Mais certains conseils sont plutôt à éviter. Pour l'urologue, Sam Ward, la plupart des patients préfèrent désormais opter pour des traitements naturels. "Il y a une poussée de ce type d'approches dans toutes les disciplines. Ce n'est pas mauvais en soi puisque cela peut permettre une attention particulière pour une bonne hygiène de vie, mais il existe toujours un risque d'excès", souligne-t-il.
"Par exemple, l'excès de musculation, s'il s'accompagne de produits dopants ou de compléments non contrôlés a un effet négatif sur les paramètres spermatiques", prévient Sam Ward.
En ce qui concerne la température des bains froids, le spécialiste précise que les testicules doivent être maintenus à une température de deux ou trois degrés inférieurs à celle du corps pour une spermatogenèse optimale. "Si éviter la chaleur comme les saunas ou les ordinateurs sur les genoux, est recommandé, l'idée que des bains de glace "boosteraient" la production au-delà de la normale n'est pas prouvée scientifiquement", prévient le médecin.
Les aliments hyperprotéinés ou l'ail, quant à eux, ne peuvent pas remplacer un régime équilibré, même si l'ail contient de l'allicine et du sélénium, des antioxydants bénéfiques. "Les compléments alimentaires, à base d'antioxydants tels que le Zinc, Sélénium, Vitamine C et E, peuvent aider en cas de stress oxydatif avéré, mais leur efficacité globale sur les taux de naissance vivante reste débattue en l'absence de carence", appuie l'urologue.

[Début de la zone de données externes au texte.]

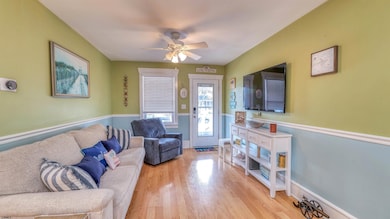 415 W New Jersey Ave, Somers Point, NJ 08244 - photo 4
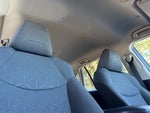 2024 RAV4 Thumbnail 17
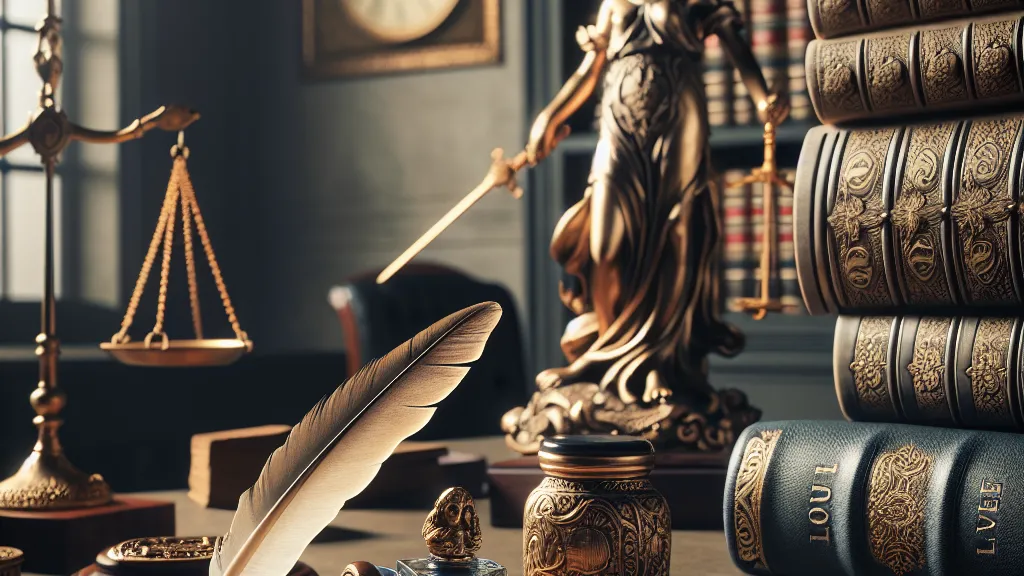 Modelo de Contestação em Ação de Execução de Título Extrajudicial contra alegação de prescrição intercorrente, demonstrando diligência do exequente e fundamentos jurídicos para afastar a prescrição no TJMG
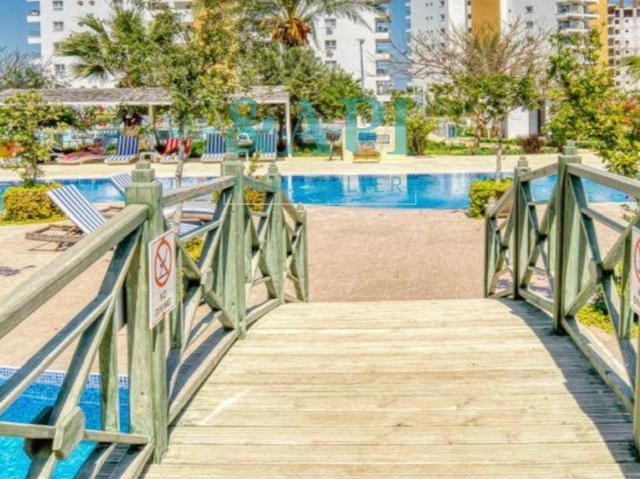 CHYPRE DU NORD Découvrez l'Excellence à Chypre et investissez dans un paradis Méditerranéen !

Le principal risque d'adopter la tendance 'spermaxxing" se situe, selon le médecin, au niveau du recours aux stéroïdes anabolisants, "parfois présents dans l'orbite de ces mouvements masculinistes". "Ces produits bloquent l'axe hypothalamo-hypophysaire (le centre de contrôle principal du système endocrinien, reliant le système nerveux à celui des hormones) et peuvent entraîner une azoospermie (absence totale de spermatozoïdes) souvent réversible mais parfois définitive", explique Sam Ward.
"L'auto-traitement par le "spermaxxing" peut retarder un diagnostic médical essentiel. Un homme peut essayer d'optimiser son sperme par l'alimentation alors qu'il souffre d'une varicocèle (veine dilatée dans le scrotum) ou d'une infection, qui nécessitent une intervention médicale plutôt qu'un changement de régime", conclut-il.